TASK MATERIAL: Begin
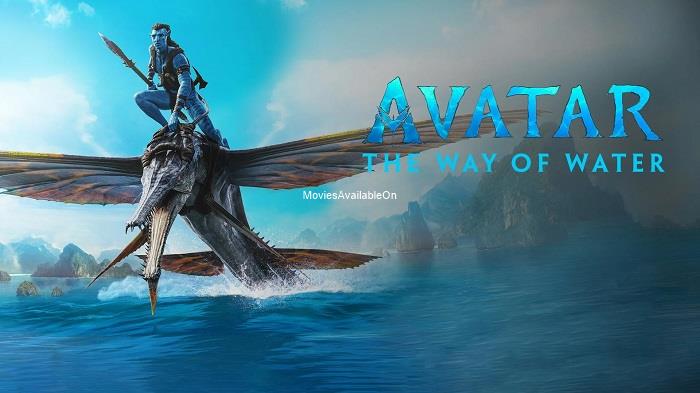 Avatar: The Way Of Water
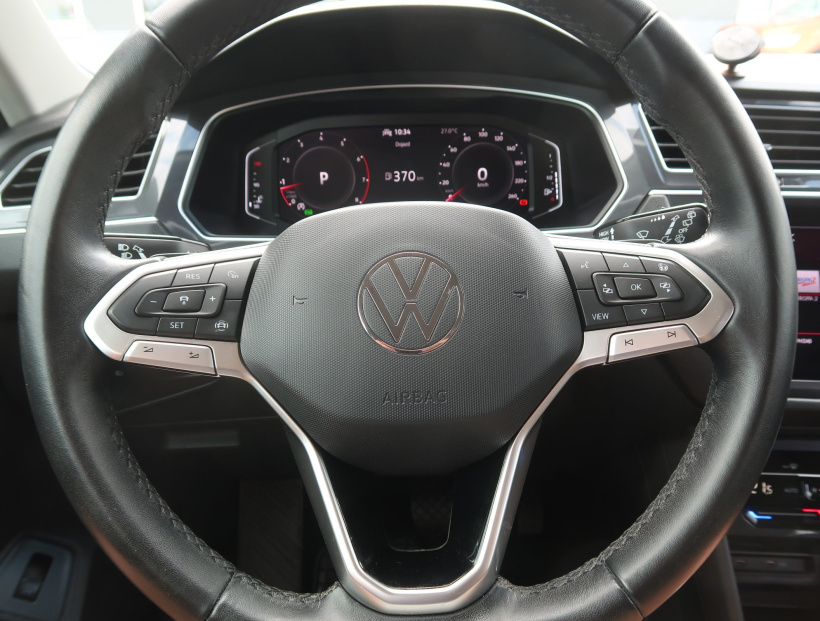 Volkswagen Tiguan, 2022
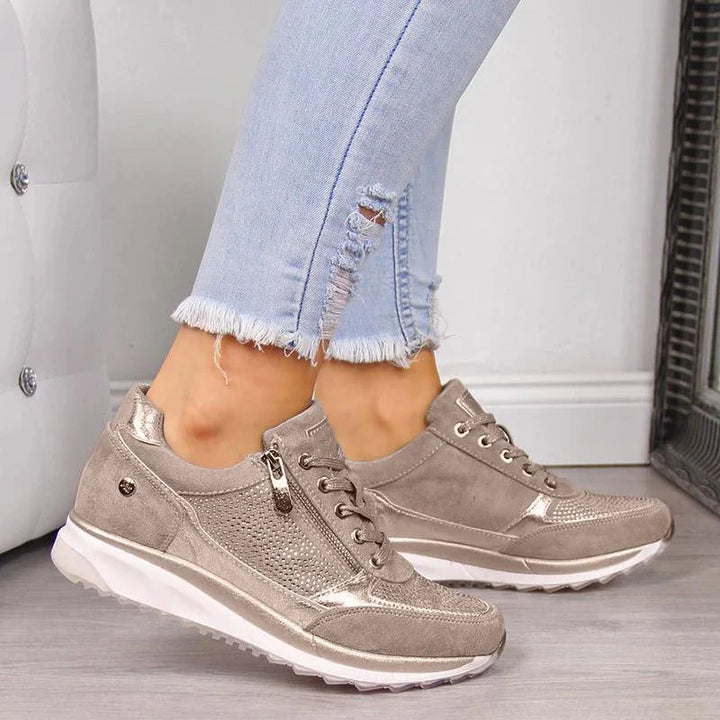 Sophie | Baskets Orthopédiques pour le Confort et le Style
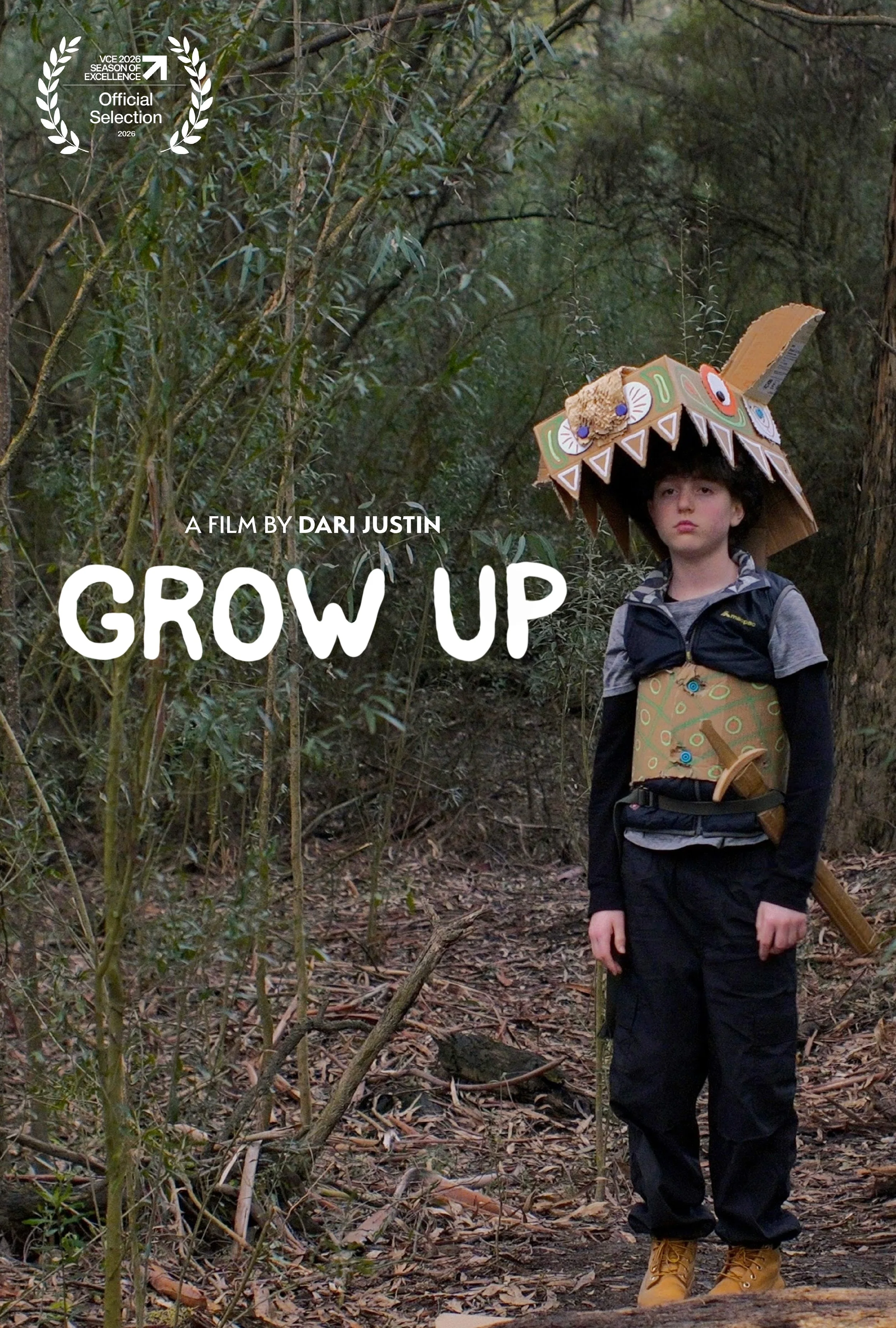 D3. Grow Up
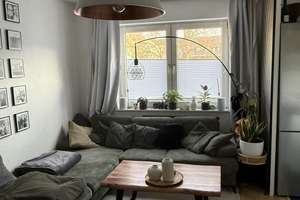 Helle 2,5-Zimmer Wohnung mit Balkon in Köln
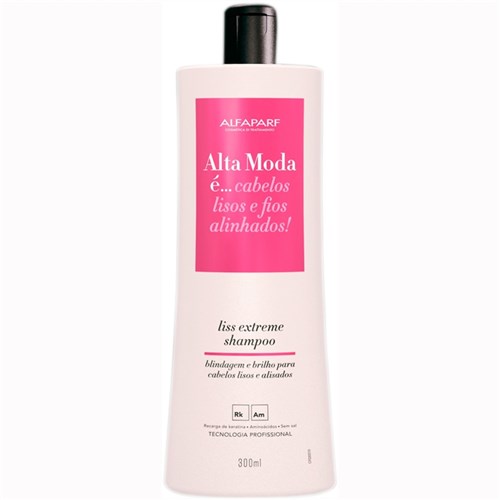 Alta Moda Liss Extreme Shampoo 300g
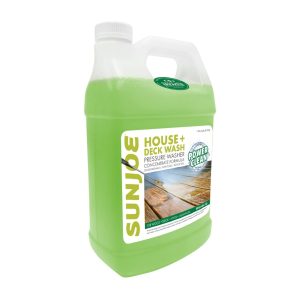 Sun Joe SPX-HDC1G House and Deck All-Purpose Pressure Washer Rated Concentrated Cleaner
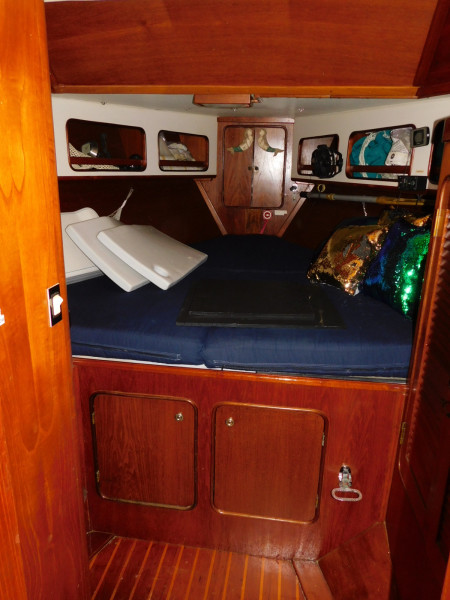 1980 Gulfstar Sailmaster
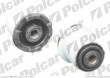 tuleja wahacza OPEL ZAFIRA, 01.1999 - 05.2005 (TEKNOROT)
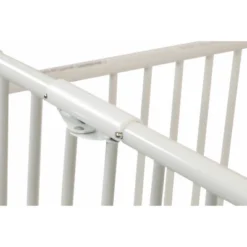L.A. Baby Holiday Mini/Portable Folding Metal Crib - White -Baby Trend Sales Store GUEST 08ba63f7 09df 40d7 ac73 c5fa81bfe1a2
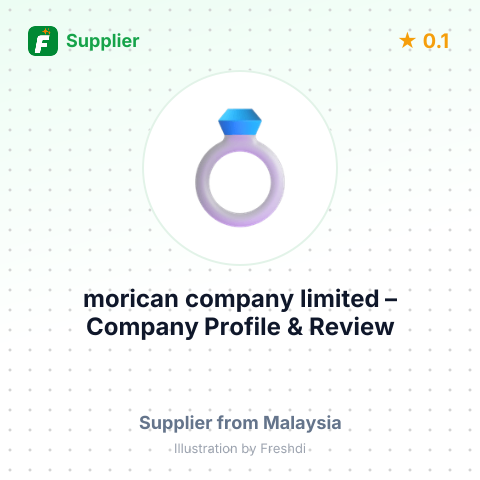 morican company limited – summary card, no photo uploaded yet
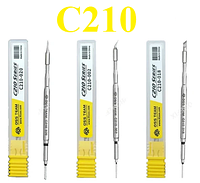 (3pcs) Жало для паяльної станції C210 OSS C210020 C210018 C210002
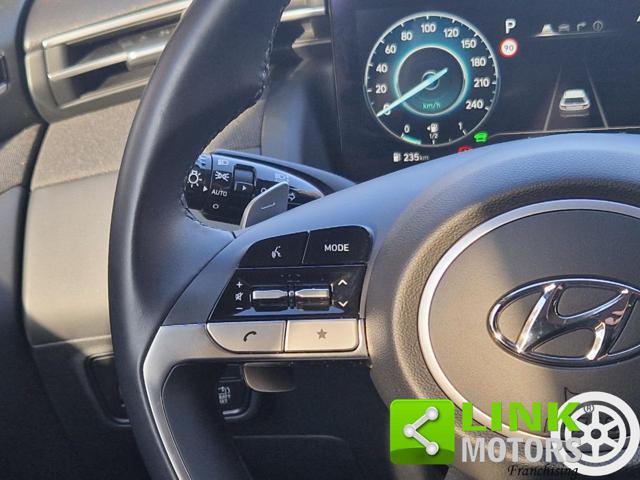 HYUNDAI Tucson usata, con Vetri oscurati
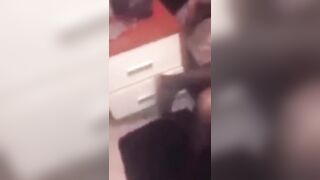Puttana italiana si fa inculare da cazzi neri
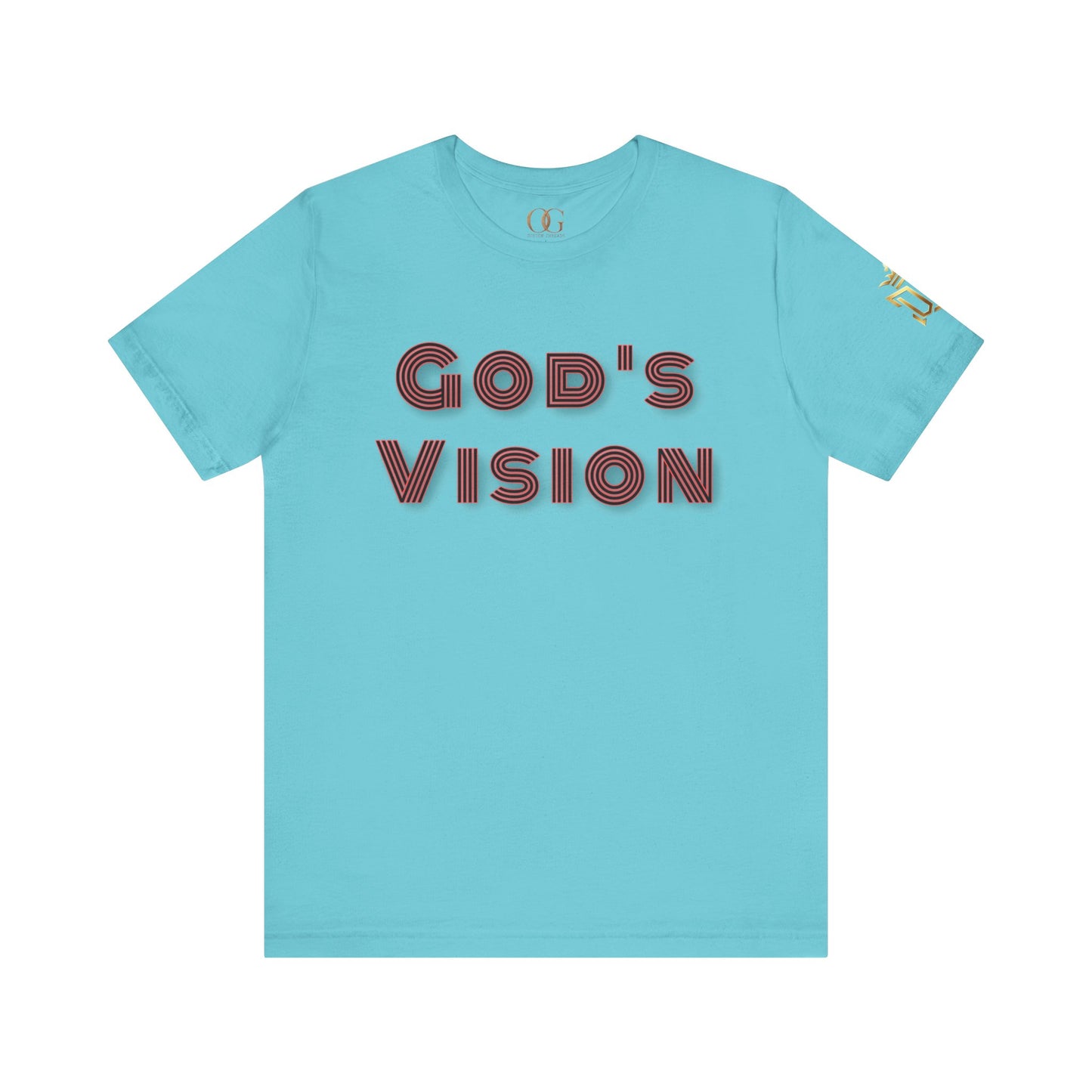 God's Vision OG Tee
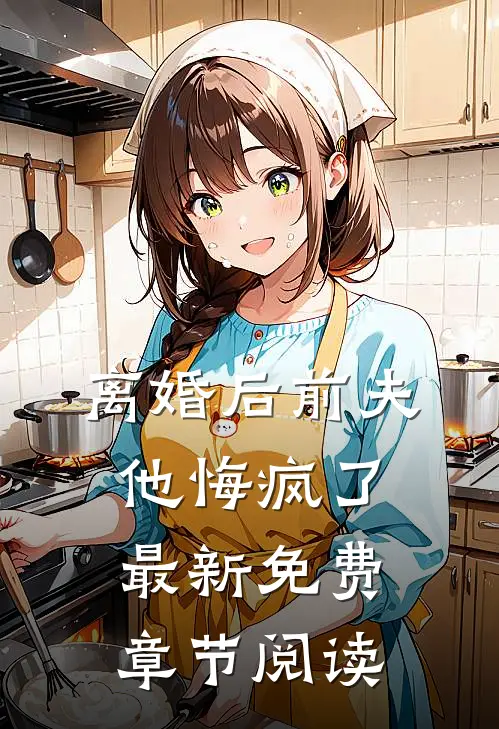 离婚后前夫他悔疯了最新免费章节阅读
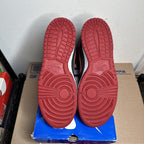 Size 11 - Nike SB Dunk High RESN (2009)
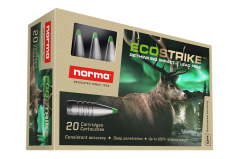 Norma Ecostrike Kal.6,5x55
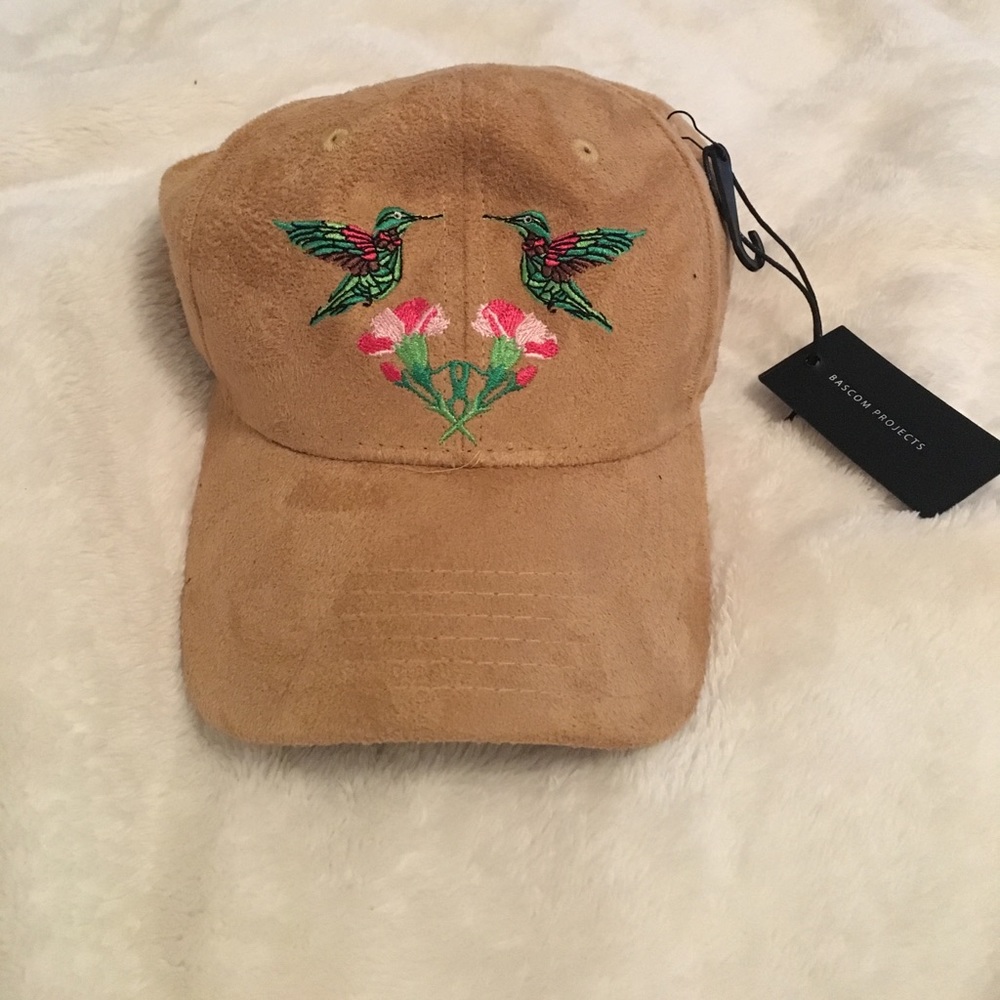 Women's fashion baseball hat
TASK MATERIAL: End
# [TASK REQUIREMENTS]
Output the line that contains "Puttana italiana si fa inculare da cazzi neri" and every subsequent line through the end of the entries, exactly as given, without pictures.

# [ANSWER FOR THIS EXERCISE]
Puttana italiana si fa inculare da cazzi neri
 God's Vision OG Tee
 离婚后前夫他悔疯了最新免费章节阅读
 Size 11 - Nike SB Dunk High RESN (2009)
 Norma Ecostrike Kal.6,5x55
 Women's fashion baseball hat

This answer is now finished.